I got PD dx last year at 56, but think I had compulsive buying for years before that. Are we saying with PD, even before meds start, we get a dopamine “high” when we buy too many things and that makes us happy for awhile? Same with sex? Is this correct understanding? If so, most PD literature makes it sound like this only happens under agonist medications.
I am starting to fight with my husband every day now and I think I am losing my mind. I don’t know if I can hold it together much longer and I winder if we should live apart. I feel as if I am abandoning him when he needs me yet he is pushing me away. I hope I can last another week.
I am here for you all. As my partner's disease has progressed, we have discovered that living in separate houses has helped us both to strengthen our bond and allows him to live independently as long as possible. He has compulsive behaviors and poor judgment. However, for my mental health this is the best option. I often feel that he uses his disease to get attention, but then feel ashamed for thinking that.
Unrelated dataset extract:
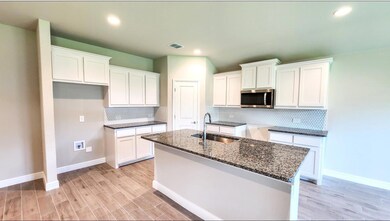 841 Alexandria Ln, Joshua, TX 76058 - photo 3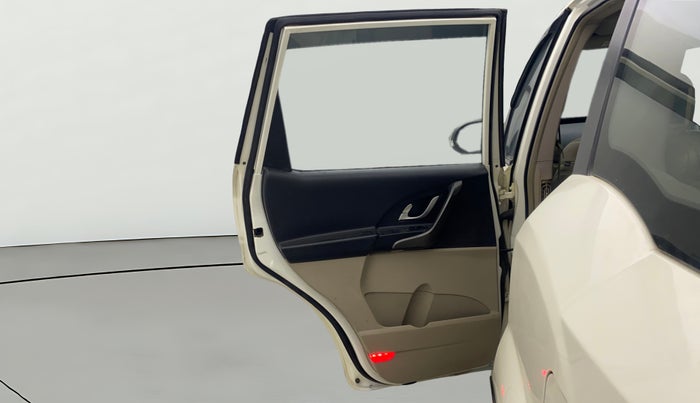 2017 Mahindra XUV500 W10 AT, Diesel, Automatic, 76,548 km, LHS Rear Door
It's a very delicate balancing act being a caregiver!
Am I the only when with sexual compulsive behavior which started 6 years ago? It started with sexual thoughts, increased need and desire to have sex with my wife - she could not keep up, then there was porn, I could not help myself and wondered why this was happening? Doctor and articles helped but what wound up happening for a multitude of reasons we sleep in separate beds and only sleep together Friday and Saturday night.
Anyone care to share their insight with compulsive / impulsive behavior?